Wednesday, October 12, 2011

Technology repurposing can be innovative, too

More years ago than I care to remember, the president of a small engineering company asked me if I would join several other members of his engineering team on a panel to help judge a competition that he was running in conjunction with the local high school.

The idea behind the competition was pretty simple. Ten groups of students had each been supplied with a pile of off-the-shelf computer peripherals that the engineering company had no longer any use for, and tasked with the role of coming up with novel uses for them.

As the teams presented their ideas to the panel, it became obvious that they were all lateral thinkers. Many of them had ripped out the innards of the keyboards, mice, and loudspeakers they had been provided with and repurposed them in unusual and innovative ways to solve specific engineering problems.

Recently, a number of engineering teams across the US have taken a similar approach to solving their own problems, too, but this time with the help of more sophisticated off-the-shelf consumer technology -- more specifically, inexpensive smart phones.

Engineers at the California Institute of Technology, for example, have taken one of the beasts and used it to build a "smart"petri dish to image cell cultures.

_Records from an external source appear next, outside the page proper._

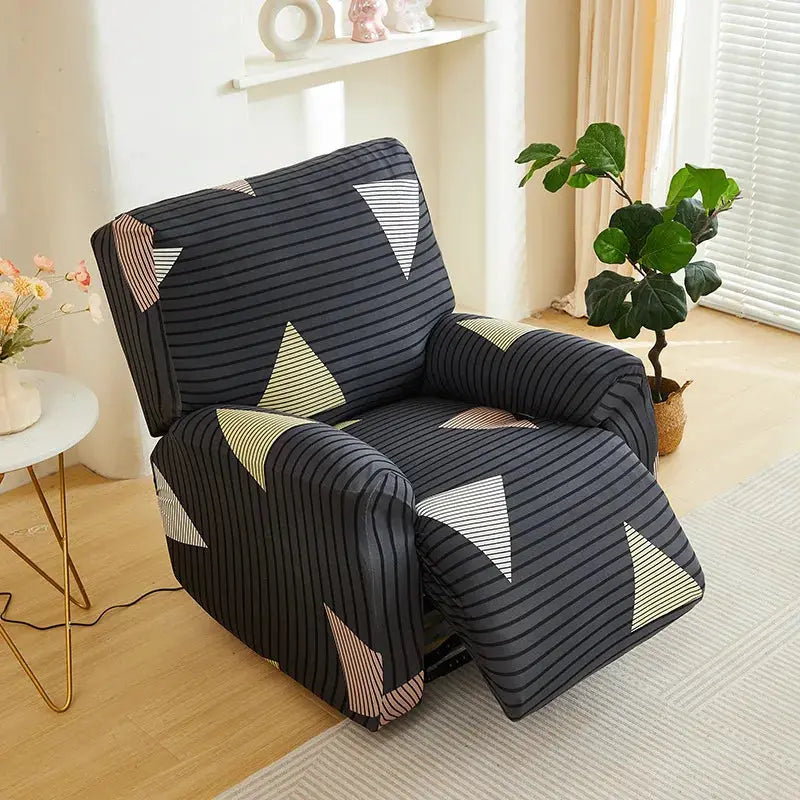 Elastic recliner sofa cover by Simples Market in black with colorful triangle pattern for living room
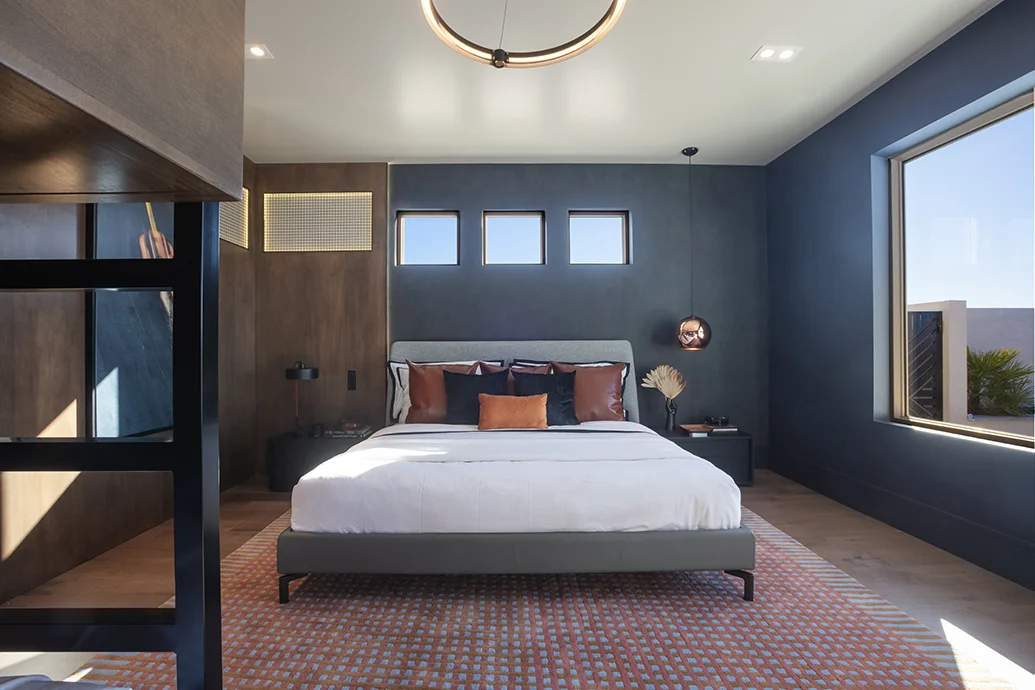 Contemporary Bedroom Interior in a Nevada Racetrack Home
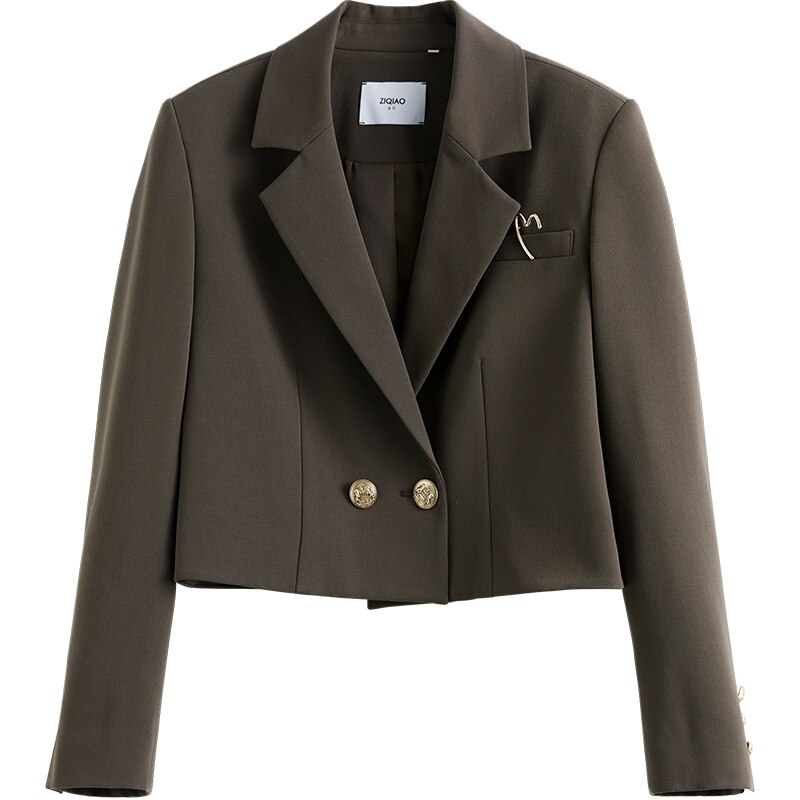 ZIQIAO – veste de costume japonaise à col complet et manches régulières, blazer court, ample, avec broche détachable, solide, à Double boutonnage, pour femme de bureau: Brun clair / XS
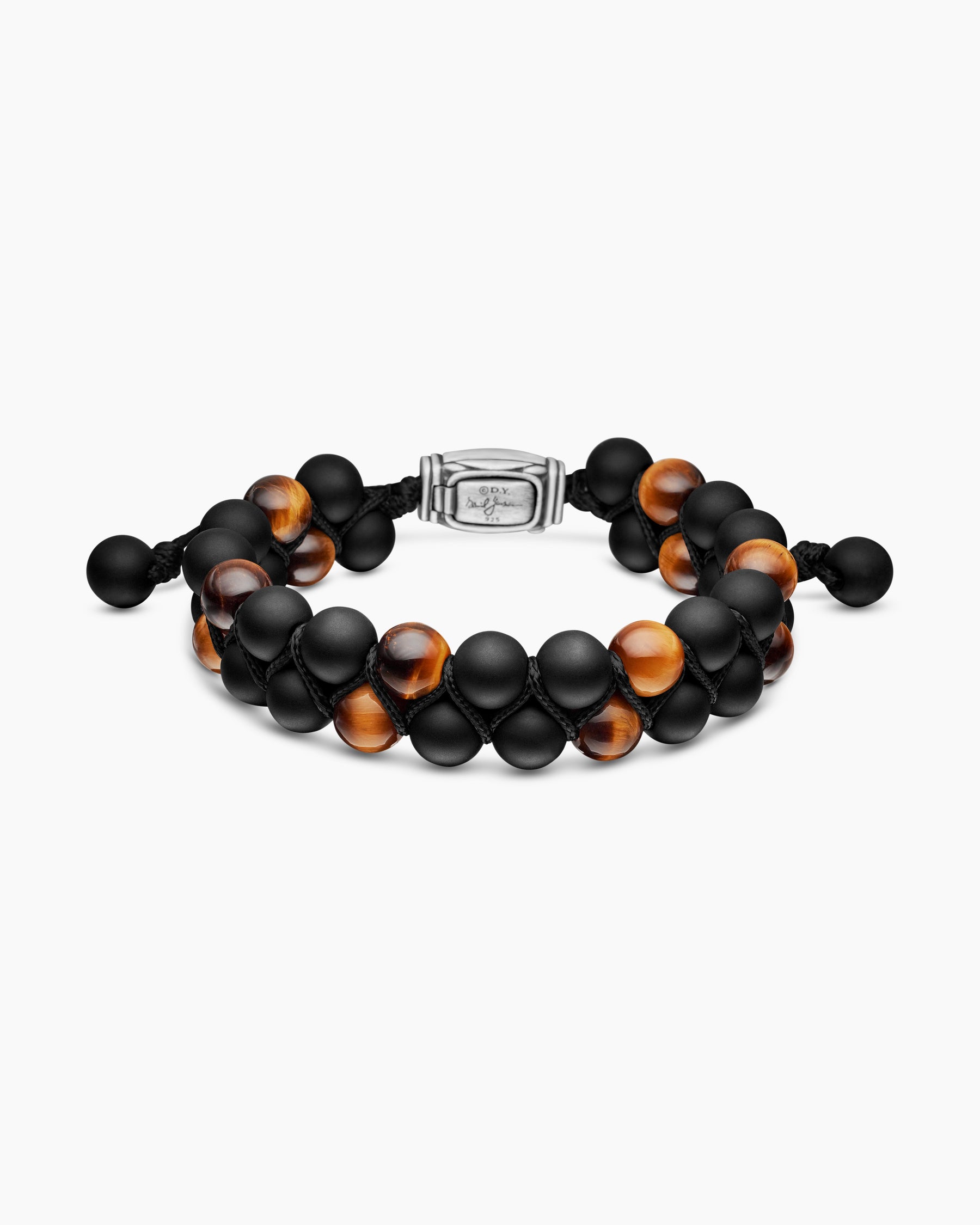 Spiritual Beads Two Row Woven Bracelet in Black Onyx, Tiger's Eye, Black Nylon and Sterling Silver, 8mm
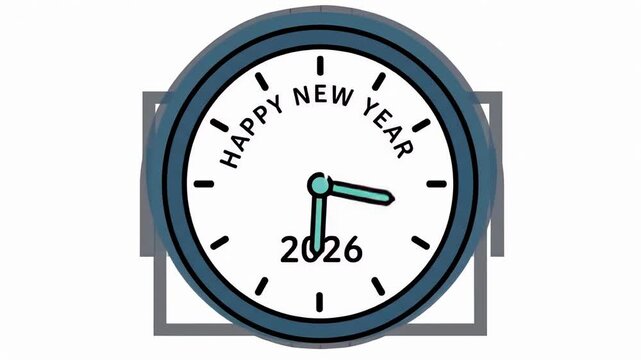 Clock showing the time approaching midnight, with "Happy New Year 2026" displayed on the clock face.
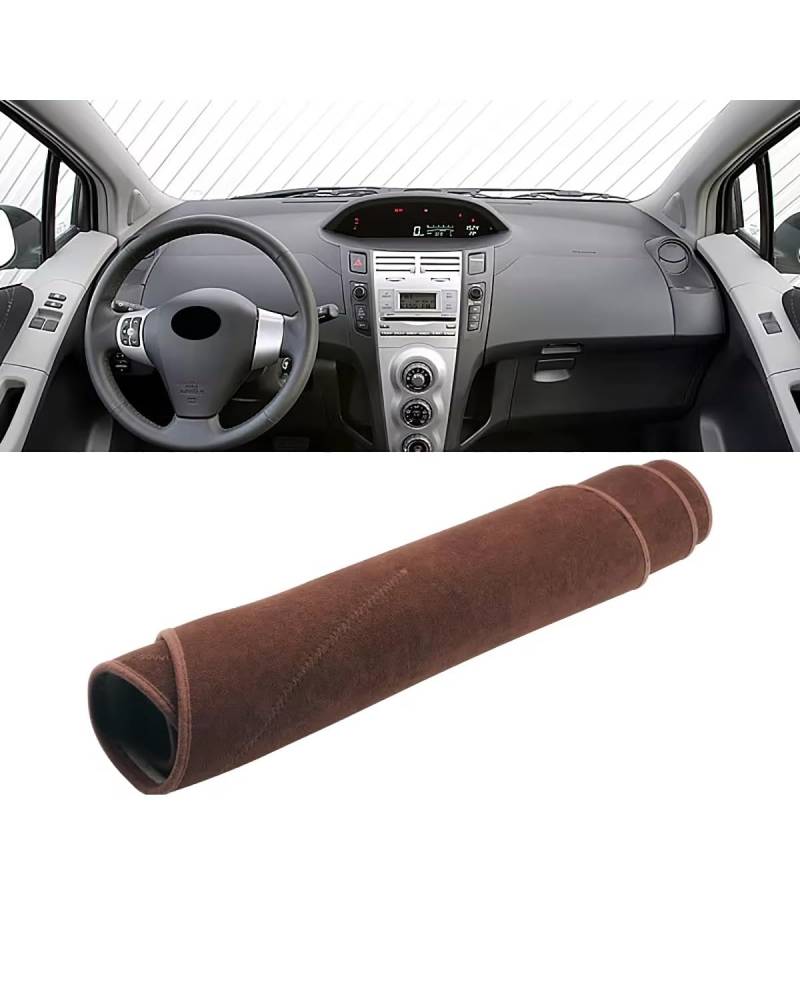 Auto Armaturenbrett Abdeckung Für Toyotaes Für Yaris Für Vitz 2006 2007 2008 2009 2010 2011 Auto Dashboard Abdeckung Vermeiden Sonnenschutz Pad Teppiche Nicht-Slip Matten Armaturenbrett Matte(B Brown von SHUGWA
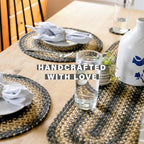 Homespice Kilimanjaro Jute Braided Table Runner, Rect 8x28 Set of 2 - Image 2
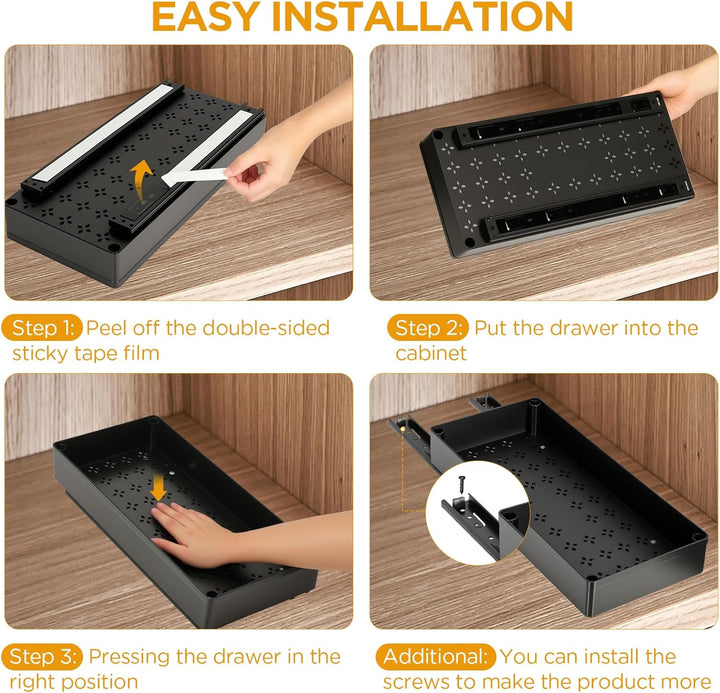 Cozary Teleskopschublade Organizer mit Dämpfungssystem – 3 Grössen (13/18/27x40x7 cm), Ausziehbares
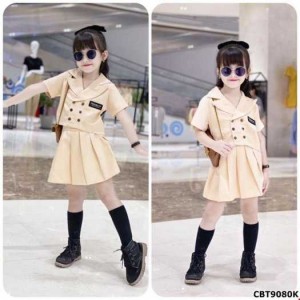 Sét áo kiểu vest đính cúc và quần giả váy xếp ly cho bé gái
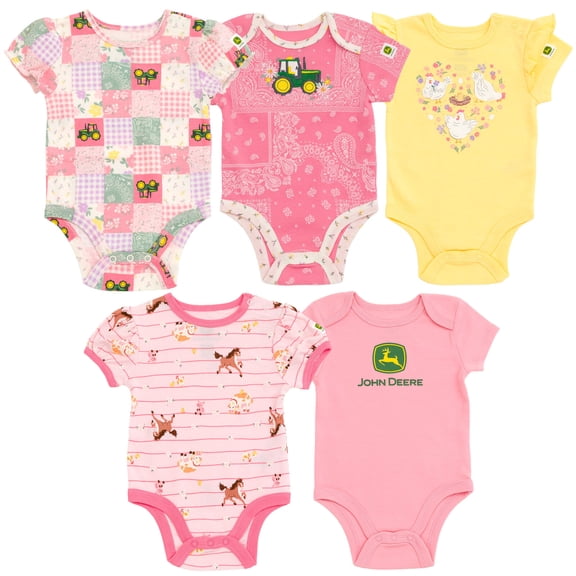 John Deere Farm Animals Tractor 5 Pack Bodysuits Newborn to Infant
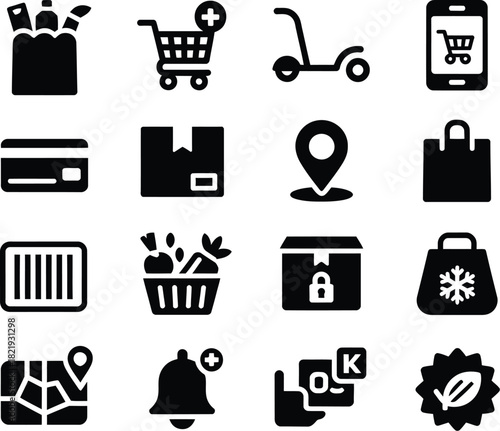 Online Shopping and Delivery Icons Cart, Package, Location, Credit Card, Barcode, and More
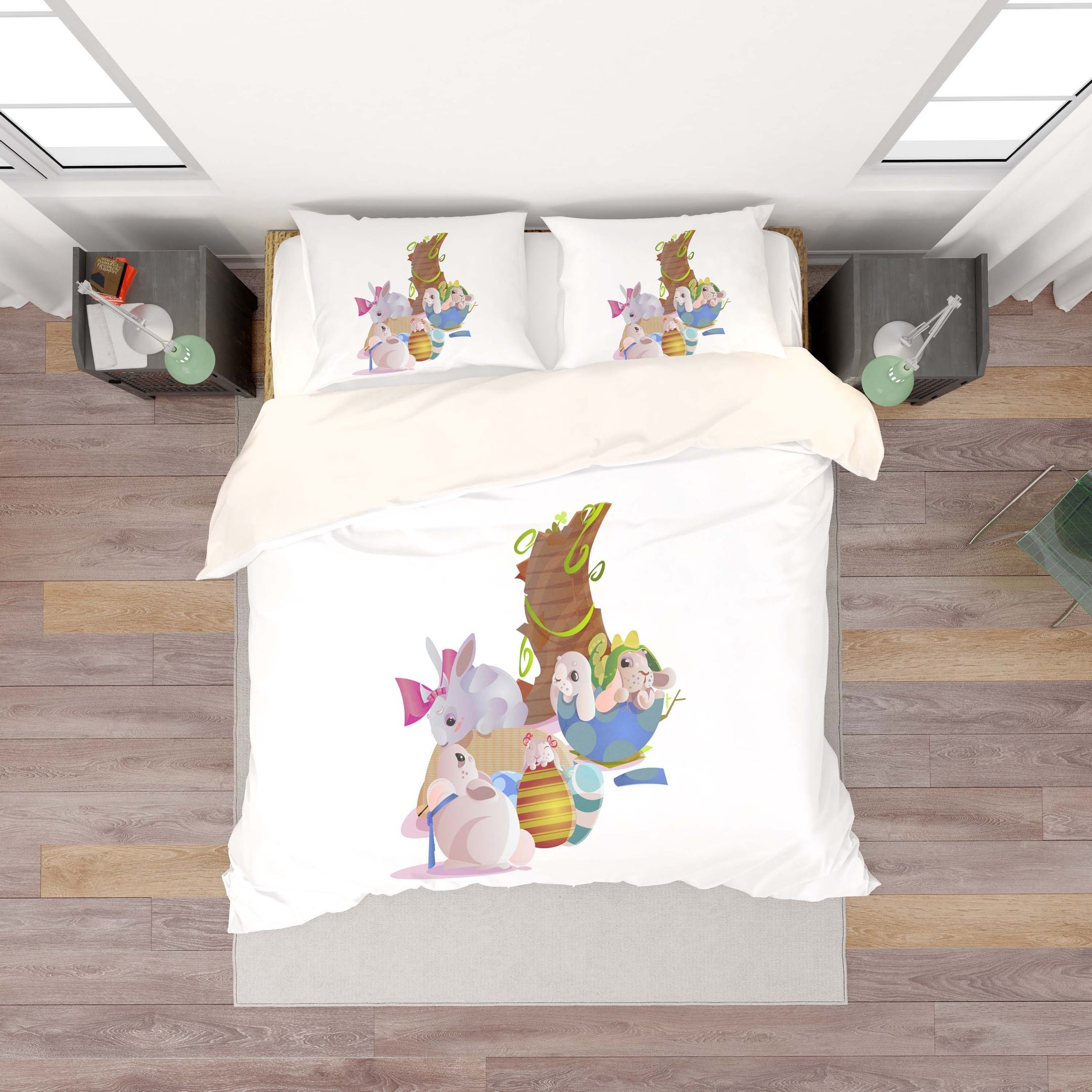 3d White Cartoon Rabbit Eggs Bedding Set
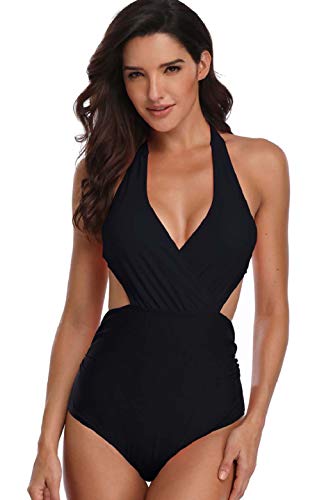 heekpek Mujer Halter Traje de Baño de Una Pieza V-Cuello Top Bikini Push Up Monokinis Sexy Swimwear Tankinis Talla Grande Ropa de Baño Bikinis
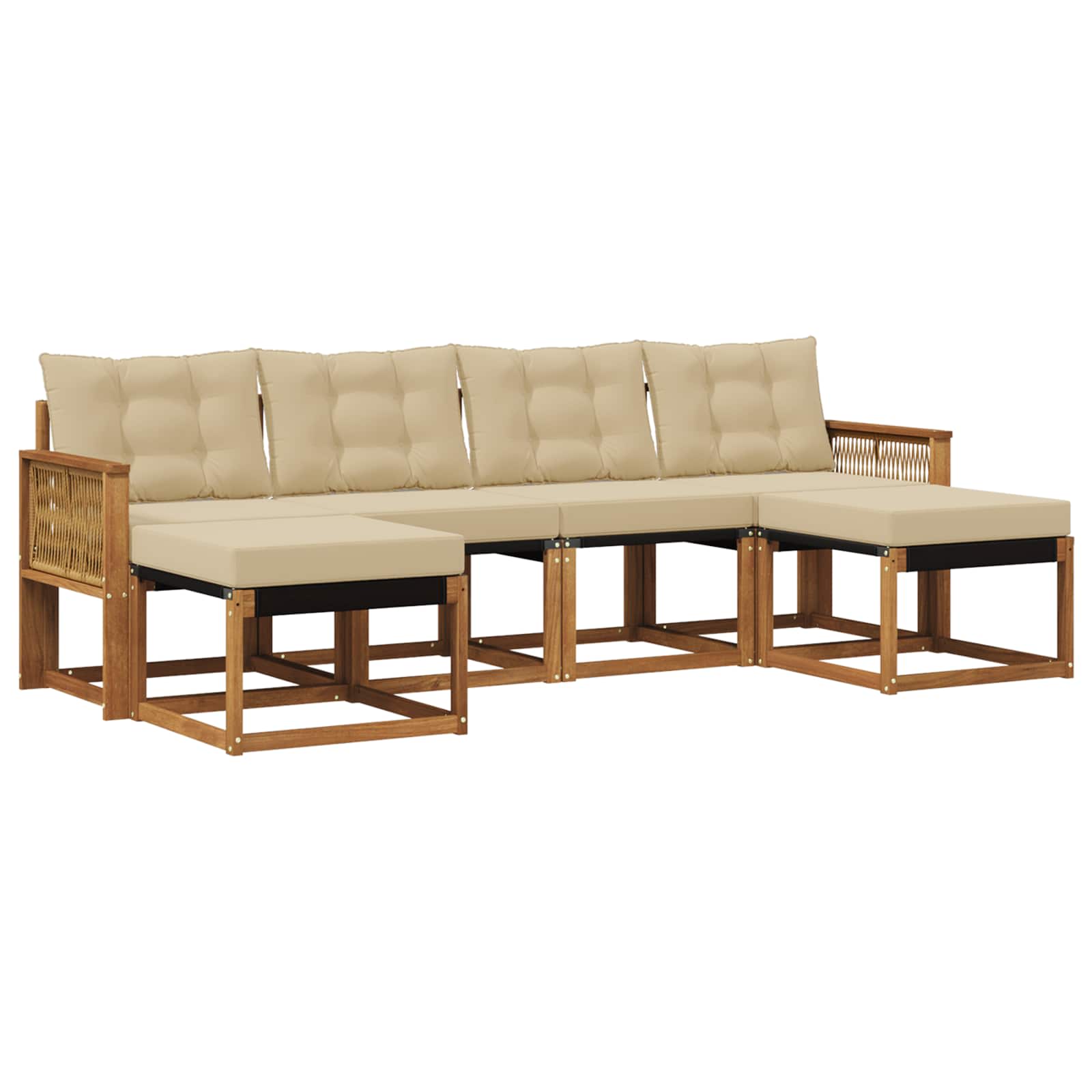 Outdoor-Sofagarnitur mit Kissen 6 pcs Natur und Beige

Those at the University of California-Davis have transformed an iPhone into a system that can perform microscopy. And engineers at Worcester Polytechnic Institute have developed an app that uses the video camera of a phone to measure heart rate, respiration rate, and blood oxygen saturation.

Taking existing system-level components and using them in novel ways may never win those engineers the same accolades that the designers of the original components often receive. But the work of such lateral thinkers is no less original. Their work just goes to show that great product ideas do not necessarily have to be entirely game-changing. Sometimes, repurposing existing technology can be equally as innovative.